Let’s start with some frank admissions: My name is Samuel. I’m a white, British male in my early forties, a teacher in a provincial town, somewhere near London that you’ve never heard of. I’ve been married for twelve years and I live in an average, middle class neighborhood. I have four kids, four chickens and one ten-year-old people carrier. Ostensibly, my life is mediocre. Except, perhaps, for the chickens; keeping chickens is practically hipster.
Once upon a time, I used to live and work abroad, converse the whole day in a foreign language, travel around Europe like it was my backyard, work for an exciting business (hybrid airships, anyone?), have exotic girlfriends who lived in exotic places, meet dozens of equally carefree friends in shiny bars whenever I liked.
And do you know what the best thing was? I had plans! Lots of plans to do lots of things.
Then, suddenly, just over a year ago, I woke up one morning and realized I was a 40-year-old teacher in a provincial town, married with kids and driving a beat-up people carrier. What the hell just happened?!
I loved being in my twenties and thirties. I loved the excitement of studying, traveling, meeting people, dating, marrying, establishing a family, buying a house, building a career, starting a business on the side. Oh, there were some bad moments but, generally, I loved the novelty of my life.
One by one, all the pathways that stretched ahead of me twenty years ago, so ripe with potency and promise, have been shut down, as I’ve made one choice over another, one decision instead of another, committed to one situation and not another.
The road that I’ve finally arrived on appears to have tapered to such an extent that it’s reached a dead end.

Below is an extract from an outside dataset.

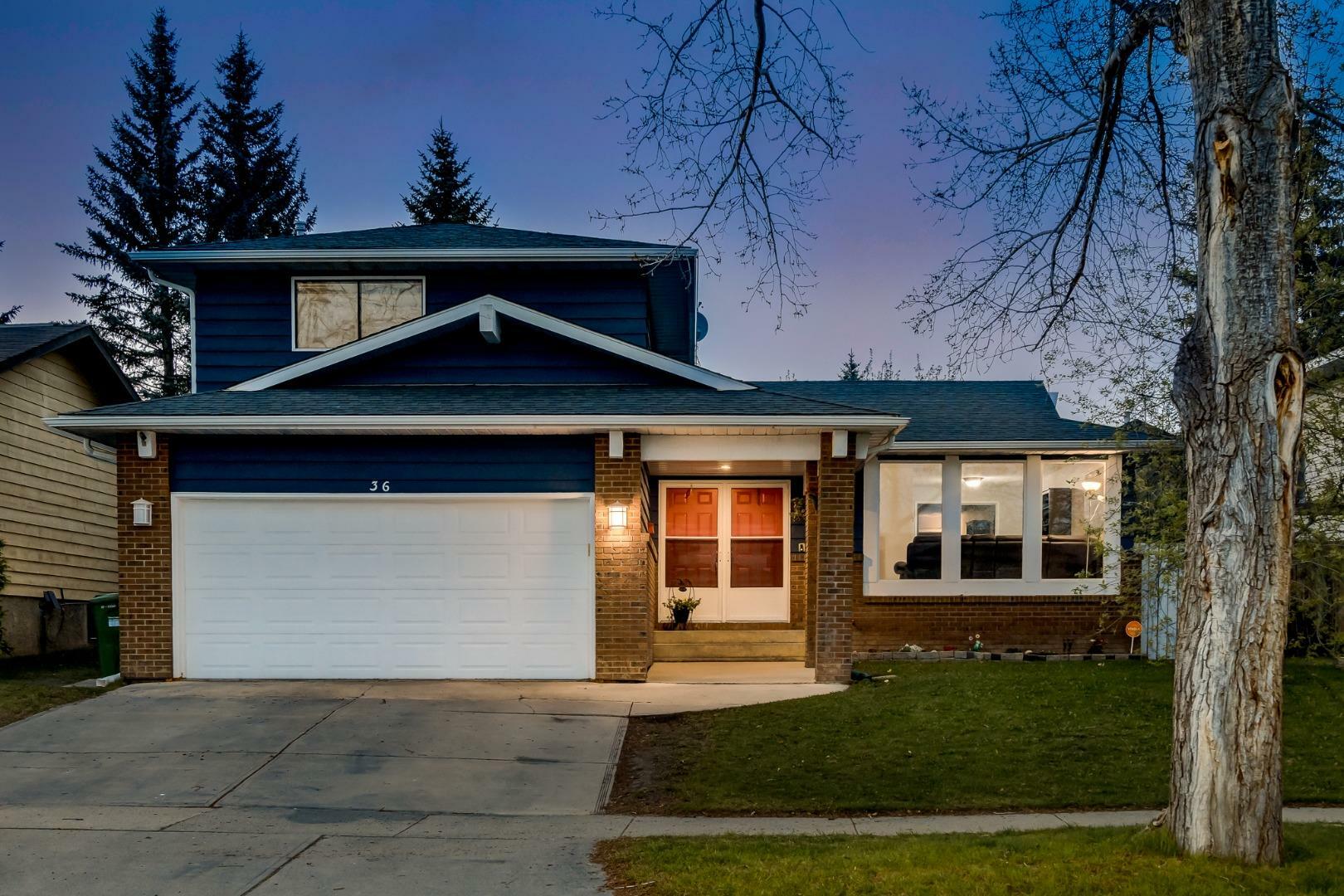 Property Photo: 36 Woodbine Boulevard SW AB T2W 4A8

The youthful restlessness that was once my driving force is now a rattling insect trapped in a box. Plans have been shelved, ambitions left unfulfilled, symphonies unfinished. And here I am; merely a husband, a father, a teacher.
I realize, by this stage, that I’m sounding like an ungrateful old goat, bleating churlishly about a life that many wish they could have even a small part of – wife, children, house, car, job, health, security. And it troubles me, this dissatisfaction with what I already have. This inconsummate longing for more.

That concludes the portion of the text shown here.